I mean to say that she knew this animal because she had already had encounters with it. They lived in the same lake. It is only natural. And she had learned how to get the animal to leave her alone. So, as I was saying, she kicked the caiman, and he spun back from the force of her foot. My father instantly saw what had happened, and just as my mother swam in to kick it again, my father grabbed one of the reeds that my mother had left floating in the water. He swam on top of the beast and straddled its back with his legs. The caiman started whirling around in the water but my father threw his chest over the animal’s eyes, which confused it, and then looped the reed around its snout, and quickly tied it tight. The caiman could not open its mouth. It swung its head back and forth, trying to get loose, as my mother and father swam quickly to shore.
Well, Your Grace, I don’t think I know what you mean about miracles. My mother said it was because the caiman was surprised by my father in his lake, and was defending his territory. My mother had made her peace with the animal long before, when she first came to the lake. This is how it is when the land and water are shared the right way. By the time the caiman broke its jaws free of the reed, my parents had already swum to shore and moved away from the waters. And my mother found that my father had already placed on the strand a large pile of the reeds that he collected for her, before she had even seen him. She was very impressed by his tricks.
It was not many days afterward that my mother dove again to the lake bottom, but this time to collect the clay to make the muiraquitã amulet for my father. When she told me the story, she said she had the intention to make the muiraquitã in the form of a frog, because my father had reminded her of a large frog when they met underwater. But in the end she chose the form of a caiman, since she and my father had worked together to defend themselves but also to share the lake with the caiman. One day she gave the muiraquitã to him, in the lake, near the waterfall that is one of the voices of the lake.

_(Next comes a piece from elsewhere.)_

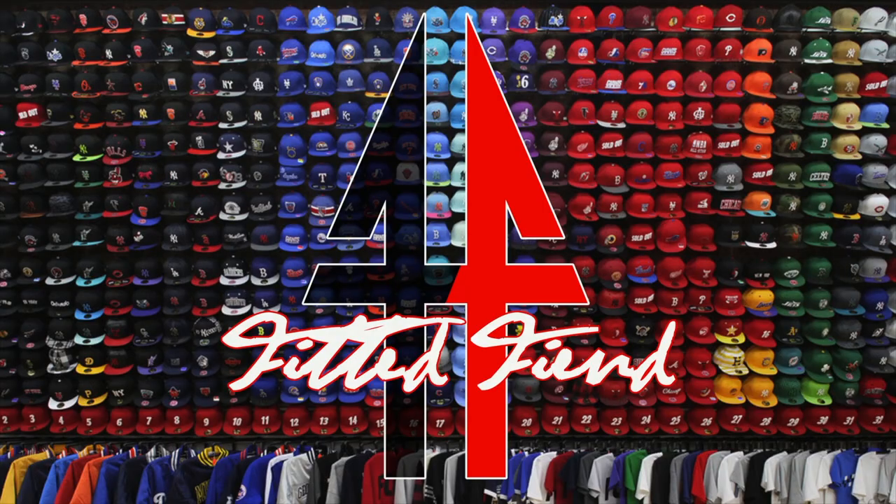Yo, what's poppin', it's your boy from the sea, the ATL Don, checking in and you're watching Fitted Fiend. This week on Fitted Fiend we have a Lids pickup — this is a minor league fitted.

Then my father wanted to make another voice, to make holes in the amulet, to blow air through it with his mouth. But he left it as it was, since it had been a gift from my mother, to stay near his own voice when he wore it around his neck. Instead, he began to fashion other clay figures with holes, and to blow through them for sound, like what you call, I think, music. Sometimes he made them in the shape of frogs and caimans, but also pirarucu fish, or piranhas, or turtles, and sometimes people. This is something that he taught to the others who lived in their group, people like Yari and Zahua. Zahua became very skilled at shaping the clay into these musical amulets, although he did not know how to make the same from gold. His sister Yari learned how to blow their music and put together their songs. She made many songs, for fishing, for hunting, for dancing, for healing. And when it was time for my mother to bring me into the world, Yari and Zahua helped my mother and father and others at the lake to craft the circle and its song – the circle you have taken from me. You do not know its voice, its song. They combined what they knew about bringing people into their homes of this world, and bringing music into the world, and led the whole community to bring me into my home of this world.